Even a leader in experimental 6-string gets a little guitar face now and then—especially when he’s playing blues.
Photo by Scott Friedlander
So, back to that promised day in the life of Elliott Sharp (as imagined, with some degree of knowledge, by me): It’s early morning, and there is family to contend with. No bohemian lollygagging! So it’s feed the kids breakfast, do what parents must do. Then it’s off to the office (his studio), so Elliott dons a fine gray shirt (is that silk?), dark trousers, coat, and hat, and walks north from the family apartment on nearly the lowest point of eastern Manhattan to the East Village. The traffic and endless refurbishing of the Williamsburg Bridge roars familiarly overhead, the East River flows, and eventually a river of another kind, Houston Street, is crossed. Up the stairs to the fifth floor and the studio door is unlocked. Espresso is made. (There will be more of this.) The computer is turned on. And then ... who knows? Anything could be on the docket, but some sort of work will ensue for a good eight hours. Maybe a new graphic score for a German symphony is in the works (some of these have become visual artworks, too), or maybe it's time to try another mix of that Terraplane track, the one with Elliott’s friend, hero, and inspiration Hubert Sumlin—the one Elliott recorded not long before the famed Howlin’ Wolf guitarist joined his ancestors in the Great Beyond. Or maybe he’s recording a variation on his trio ERR Guitar (where he was originally joined by Marc Ribot and Mary Halvorson), called ERE Guitar Today, with Sally Gates and Tashi Dorji. Could happen—and it did. You can see Elliott’s studio in the ERE Guitar CD booklet.

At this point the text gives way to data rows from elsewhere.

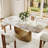 63-95" Extendable Modern White Dining Table for 4-10, Glossy Faux Marble Table with Bronze Moon Steel Leg-1775622824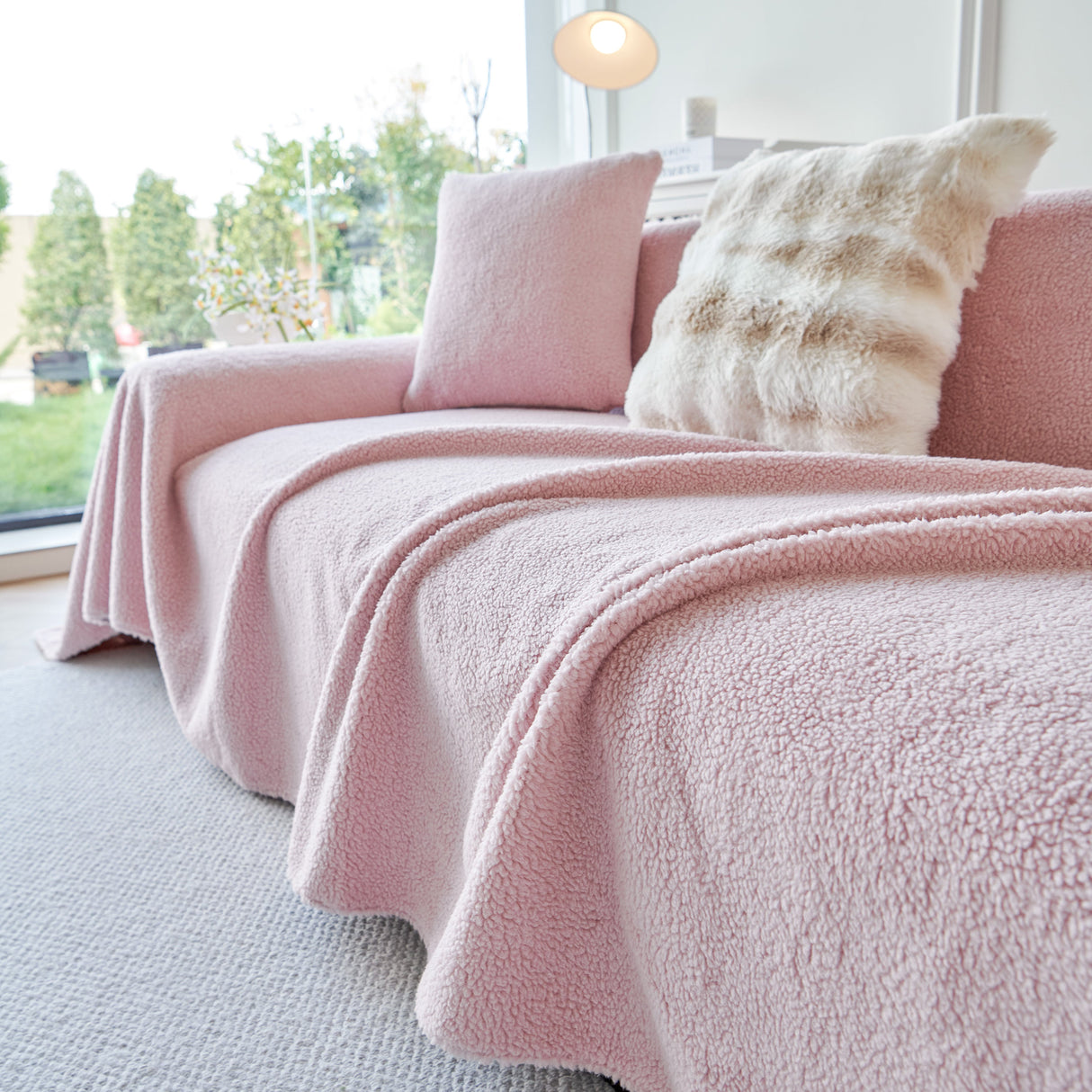 Thick Sherpa Fleece Sofa Protector Cover Stylish Durable Slipcovers for Couches and Chairs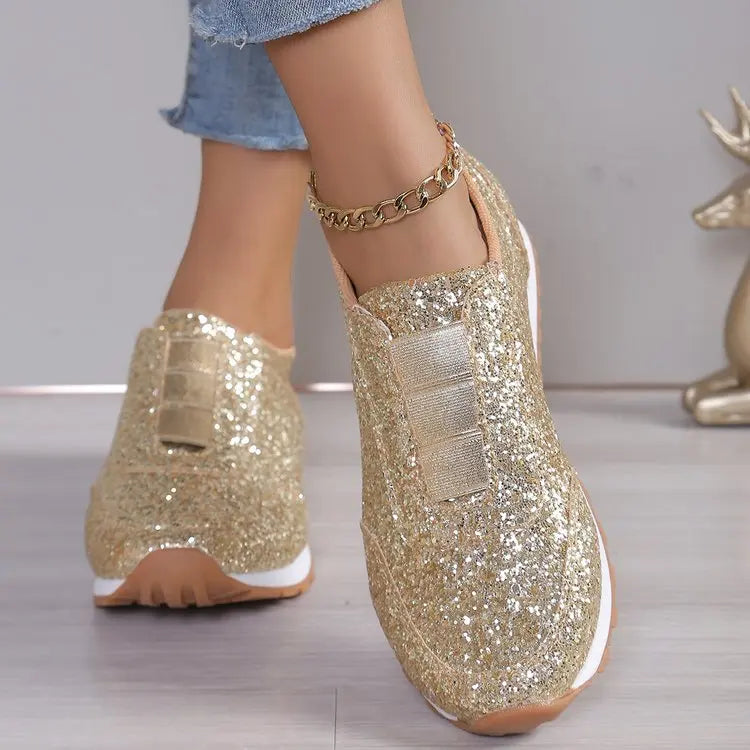 Spring and Autumn Sports Shoes Fashion Casual Golden Comfortable, Lightweight Women's Shoes 2025 Women's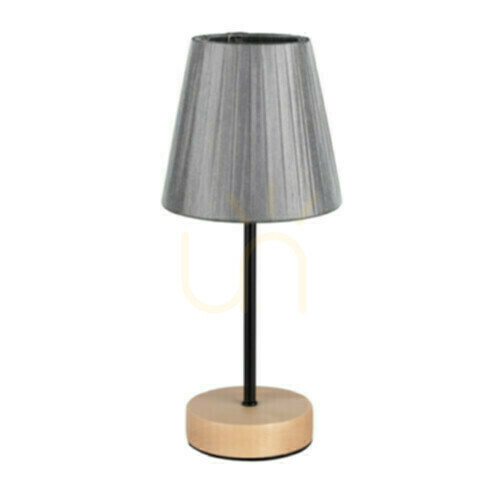 Prüfen Mila Wood Tischlampe, 1xE14, Max. 25 W, Birke/Schwarz/Grau, Ø 14 cm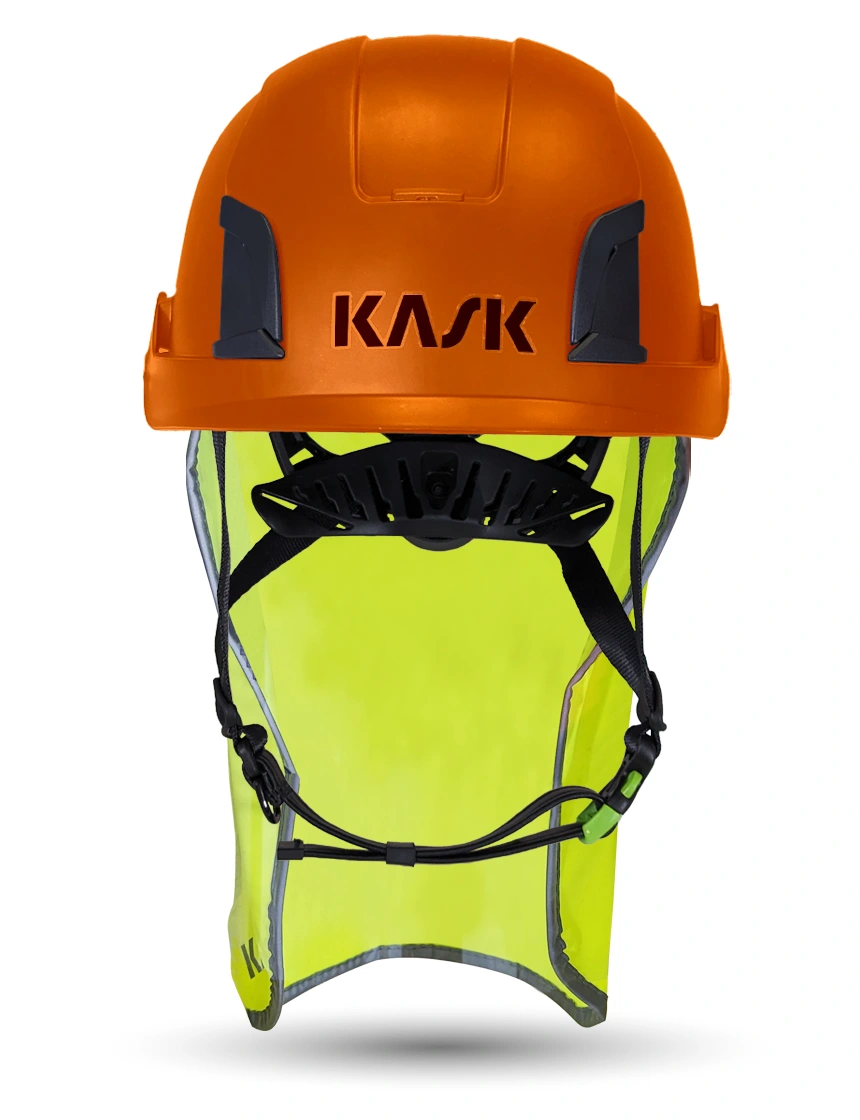 Orange KASK Zenith X2 ANSI Safety Helmet with 10\" Neck Protector (Yellow Fluorescent)
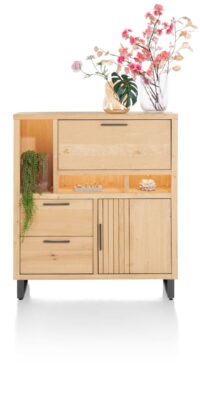Pavie, armoire 125 cm - 1-porte + 2-tiroirs + 1-porte rabattante + 3-niches (+ LED) - natural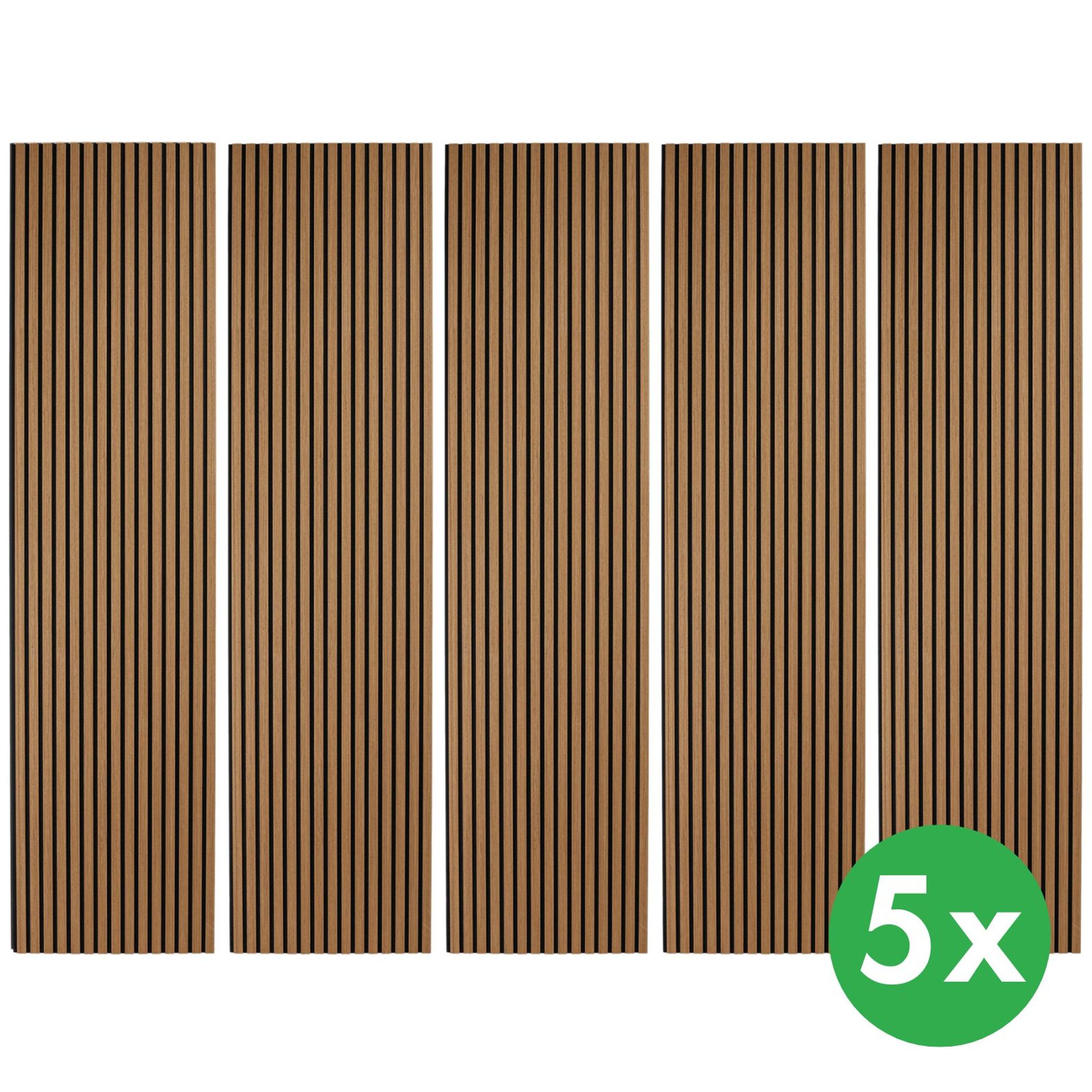 Dřevěný akustický panel, 2400 x 600 mm, B2BP012, balení 5 ks, dub koňakový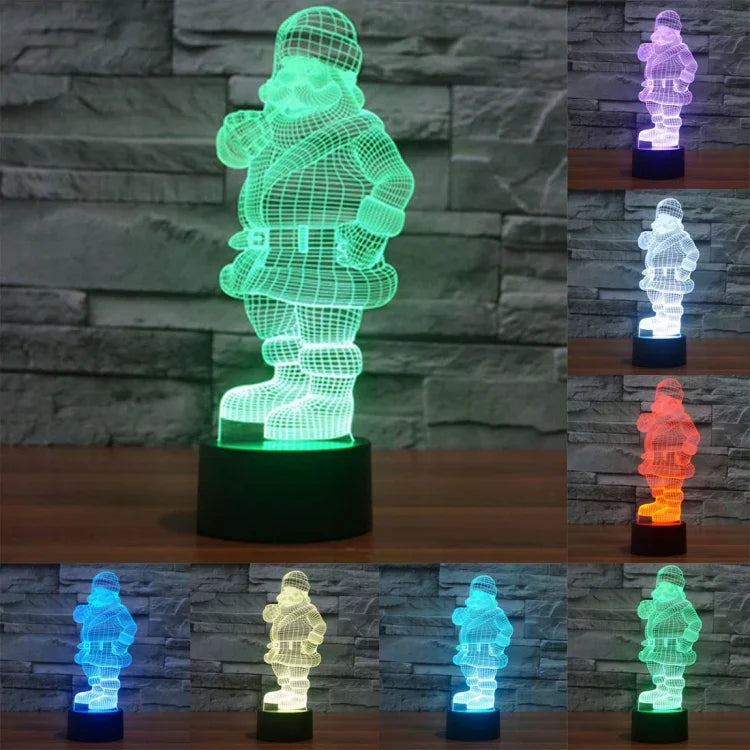 Lâmpada de Secretária Criativa Visual Estéreo com Descoloração de 7 Cores, Luz Noturna, Estilo Pai Natal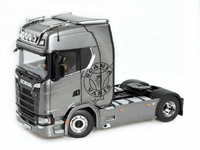 Scale model truck Scania V8 730S 4x2 gray with logo Vabis Nzg Modelle scale 1/18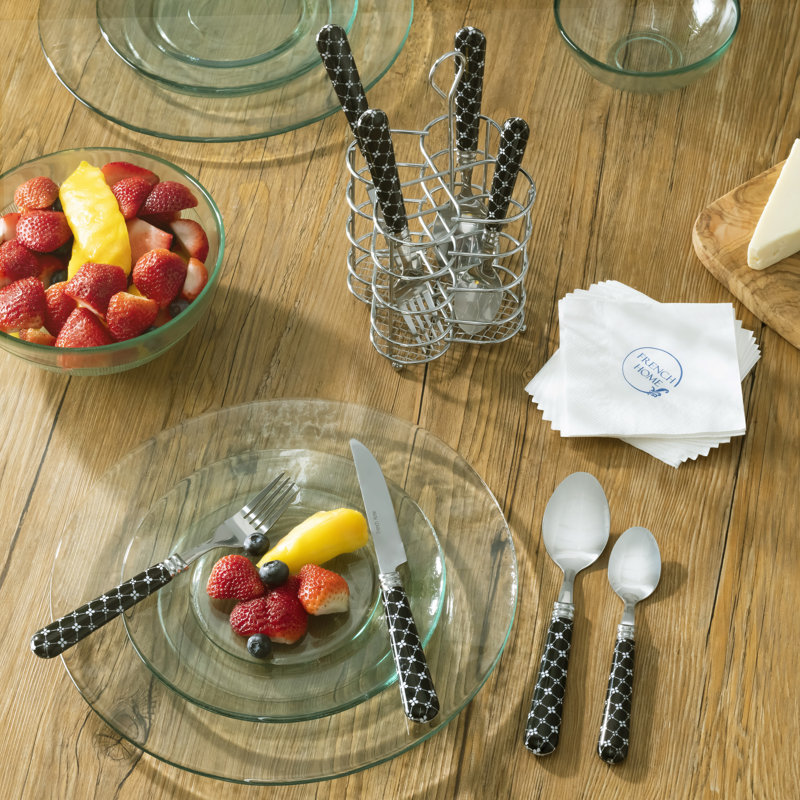 Abstract Butterfly Black and White Stainless Steel Flatware Set
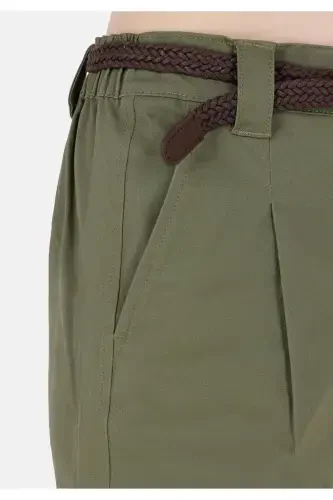 Green women's shorts - 5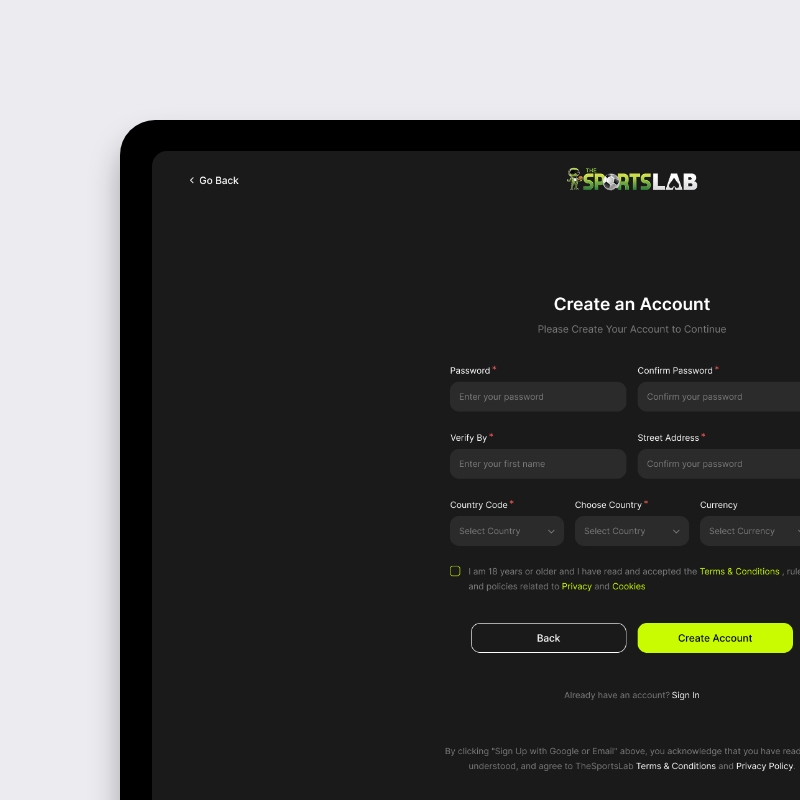 Desktop registratieflow sportsbook met wachtwoord, landkeuze en accountaanmaak
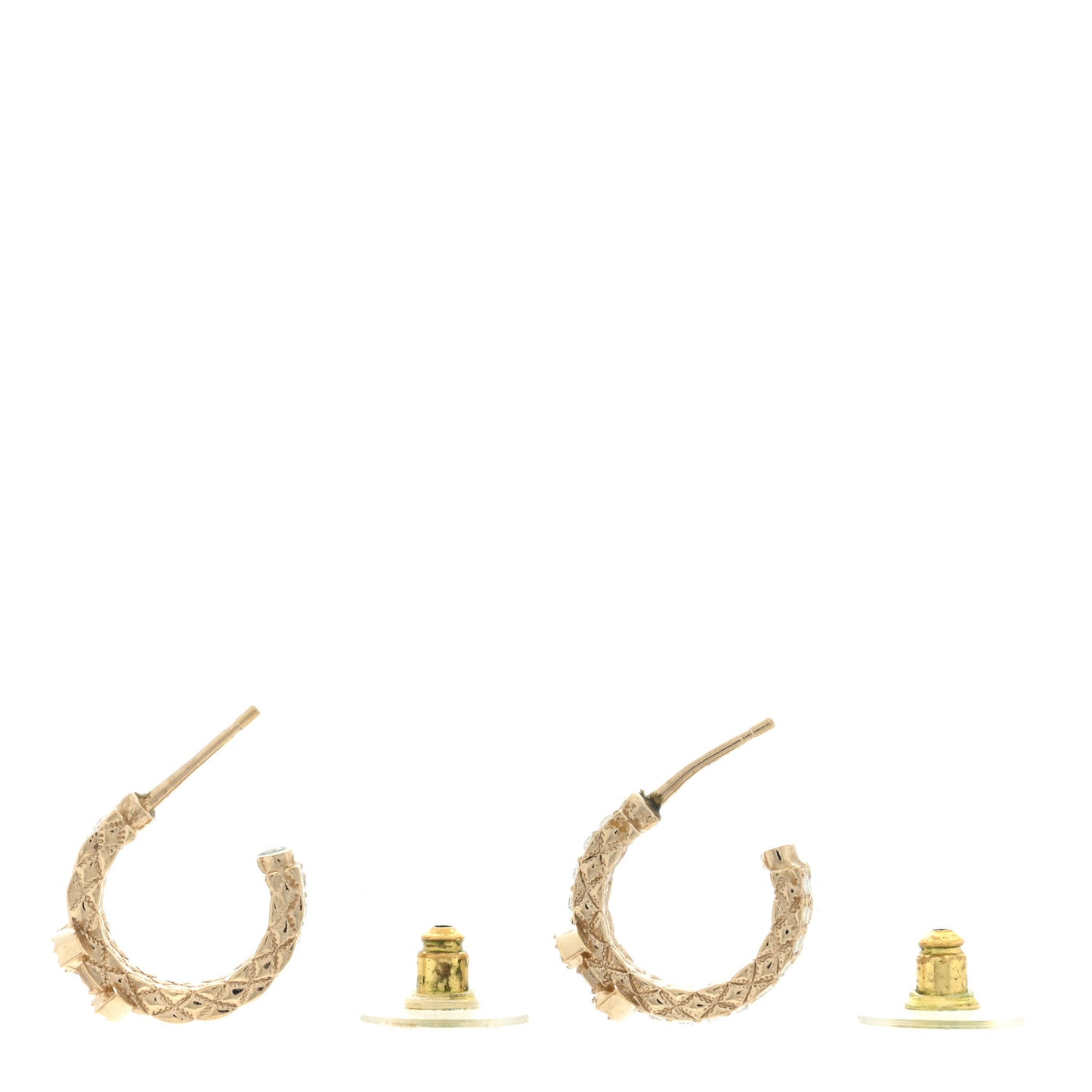 Metal Crystal Quilted CC Hoop Earrings Gold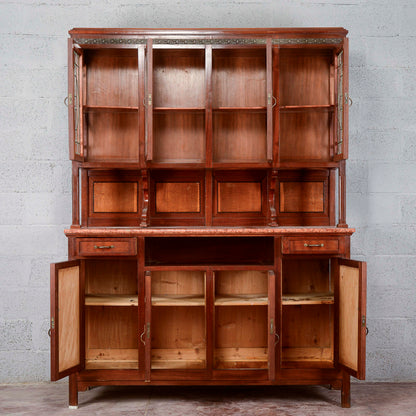 Credenza a due corpi vetrina e piano in marmo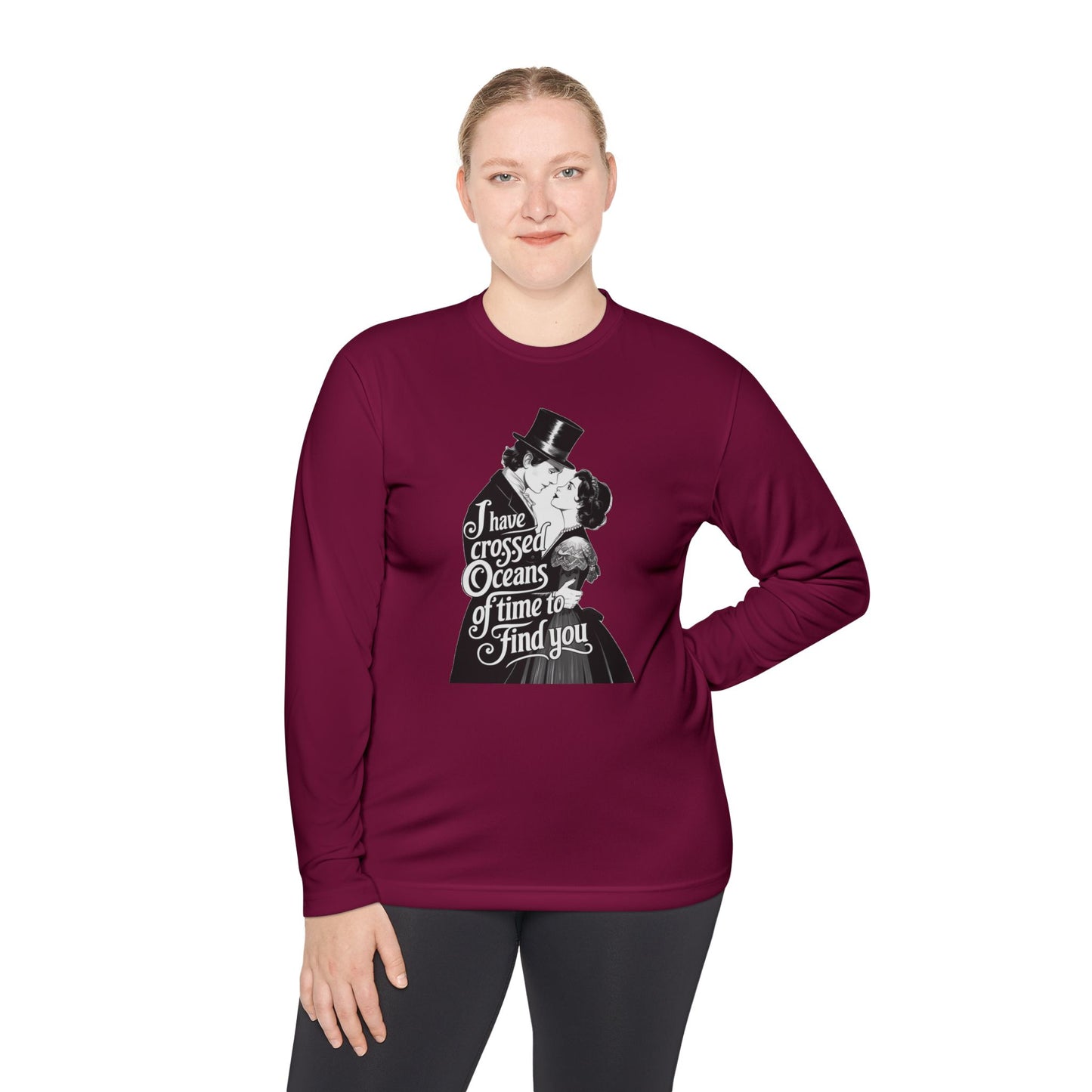 Unisex Lightweight Long Sleeve Tee - 'I Have Crossed Oceans of Time to Find You' Design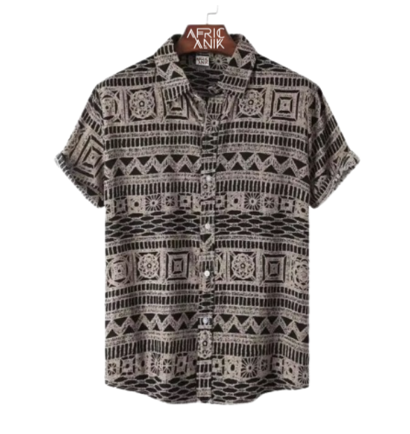 Camisa Africana Preto Nyeusi - Coleção Ancestral Vibe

Or maybe it’s guitar tinkering/building time. Where’s that delightfully chunky neck from China that would be awesome on that fake Tele body that was just refitted with no-name humbuckers (“sounded good once I removed the pickup covers,” Elliott observes) and a resophonic guitar tailpiece? By 5 or 6 it’s time to go home, maybe cook dinner tonight. And then ... my little imagined epic ends with a tasteful cinematic cliché: the dissolve.
The E# Way
Elliott Sharp has techniques that, in some cases, are all his own. No stranger to open tunings, prepared guitar, and other extended techniques, he often utilizes rhythmic, two-hand tapping to create spiraling, hypnotic patterns. His composing over these many years has employed and embraced genetics, Fibonacci numbers, algorithms, and fractal geometry. Though a mathematics and physics know-nothing myself, I see and hear a relationship between these elements as he has applied them to his uncompromisingly avant-garde compositions and these tapping patterns often heard in his solo work. Once he kicks in signal processing, stand back! What one hears sounds like four people (or other species and life forms), and the sensation is exhilarating. Sure, there could also be evidence of (here it comes) skronk (I can't believe I used that word), but Elliott certainly does not reside permanently in that world. Enjoying all kinds of sounds, from the lonesome moan of a resonator guitar to the aleatoric sputterings and squeals of a tormented electric guitar, is something he and I share, after all. Take, for example, two of his latest recordings on his zOaR imprint, Mandorleand Mandocello, which document his solo work on the two instruments, respectively. Both recordings investigate the instruments’ acoustic characteristics before, about half-way through, switching suddenly to electric, ultra-processed sounds. It’s a bracing experience that explains a few things about this man and the breadth of his aesthetic sweep. The sounds bring up images of recombinant DNA (information on which he has also imbued into his work), roiling lava, and the ever-expanding universe. Recommended!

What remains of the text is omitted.